Managing an IT crisis can be complex and difficult. But government CIOs and their operations teams can change the situation and improve the chances for success with better advanced planning, coordination and training.
In times of crisis, first responder teams know that coordination, cooperation and communication are the keys to success. These elements provide police, EMTs and firefighters with detailed situational awareness — a common operating picture that allows them to quickly and efficiently identify the issue and immediately begin working on a solution.
IT operations administrators are not first responders. Yet frequently they find themselves fighting crime, putting out fires and rushing to save critical technology services. Unlike emergency responders, IT operations teams today do not have the necessary tools to form that common operating picture.
Whether it’s constrained budgets, inadequate IT strategy, a lack of leadership and coordination, or another reason, too often, IT teams are unprepared for a tech emergency. That means when mission-critical systems go down — for example, government functions are interrupted by glitches, a 911 dispatch center is breached, or a flight management system outage strands thousands — recovery is a scramble.

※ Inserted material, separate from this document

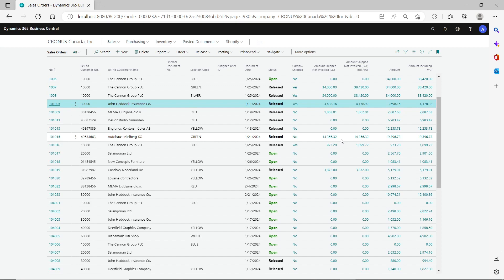Once you have this customization in place, you can share the location and have two different behaviors: for regular sales orders created from the back office you create a warehouse shipment and register pick, and for sales orders created from the point-of-sale channel you post from the sales order directly. Hope this is helpful — thank you for watching and I hope to see you again next time.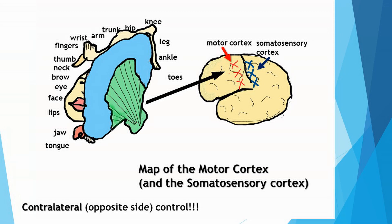The somatosensory cortex, when mapped out in this fashion, looks the same as the motor cortex. Now we have the portion of the parietal lobe responsible for somatosensory perception. Again, the fingers and the lips are presented larger than other body parts, because these are very sensitive parts of our body.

That lack of preparedness poses a problem as technology will play an increasingly important role in tomorrow’s government. For CIOs and IT operations teams, the remedy can be found by adopting from first responders three lessons that they practice when it comes to preparedness:
Among the biggest challenges in managing IT operations today are the siloed nature and increasing complexity of IT systems. New applications now live in hybrid IT infrastructures, operating partially on-premises and partially in the cloud. Meanwhile, legacy applications remain too ingrained to upgrade or replace, growing older and less reliable each year.
Further compounding the problem, budgets are not increasing to accommodate needed modernization and there is a growing dichotomy between the longevity of an IT solution and the quick turnover rate of IT personnel. The result? IT teams are using management solutions they had no hand in choosing or deploying and are in charge of managing systems they don't fully understand. It seems basic, but the importance of visibility cannot be understated. Being able to see across the IT environment is a critical first step toward better, faster IT crisis response.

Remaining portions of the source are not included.